Below are the records; copy exactly the stretch from the line containing "Excel Cheat Sheet" through the line containing "Набор для вышивания", both ends included, and nothing else.

START Task input

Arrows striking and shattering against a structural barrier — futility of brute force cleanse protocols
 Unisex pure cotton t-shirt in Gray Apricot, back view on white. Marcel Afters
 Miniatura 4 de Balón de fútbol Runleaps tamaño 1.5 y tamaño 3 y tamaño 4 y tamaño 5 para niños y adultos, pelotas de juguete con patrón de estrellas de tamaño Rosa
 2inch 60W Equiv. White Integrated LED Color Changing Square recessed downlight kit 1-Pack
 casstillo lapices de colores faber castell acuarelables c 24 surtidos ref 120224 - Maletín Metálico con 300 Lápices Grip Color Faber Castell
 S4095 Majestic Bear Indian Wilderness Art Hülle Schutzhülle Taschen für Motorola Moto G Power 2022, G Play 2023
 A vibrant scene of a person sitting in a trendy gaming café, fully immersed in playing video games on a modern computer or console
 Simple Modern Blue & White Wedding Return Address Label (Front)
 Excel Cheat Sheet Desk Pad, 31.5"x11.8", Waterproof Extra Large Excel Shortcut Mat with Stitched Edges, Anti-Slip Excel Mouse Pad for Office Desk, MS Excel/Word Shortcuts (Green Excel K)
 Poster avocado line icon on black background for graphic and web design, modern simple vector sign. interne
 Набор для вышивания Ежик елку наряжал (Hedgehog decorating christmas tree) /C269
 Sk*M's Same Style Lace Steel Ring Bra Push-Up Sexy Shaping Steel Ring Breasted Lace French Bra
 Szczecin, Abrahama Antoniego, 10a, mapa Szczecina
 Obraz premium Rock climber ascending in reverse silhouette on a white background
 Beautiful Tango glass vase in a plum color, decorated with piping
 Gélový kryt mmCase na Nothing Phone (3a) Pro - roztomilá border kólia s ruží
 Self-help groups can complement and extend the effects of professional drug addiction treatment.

END Task input

Solution to this task
 Excel Cheat Sheet Desk Pad, 31.5"x11.8", Waterproof Extra Large Excel Shortcut Mat with Stitched Edges, Anti-Slip Excel Mouse Pad for Office Desk, MS Excel/Word Shortcuts (Green Excel K)
 Poster avocado line icon on black background for graphic and web design, modern simple vector sign. interne
 Набор для вышивания Ежик елку наряжал (Hedgehog decorating christmas tree) /C269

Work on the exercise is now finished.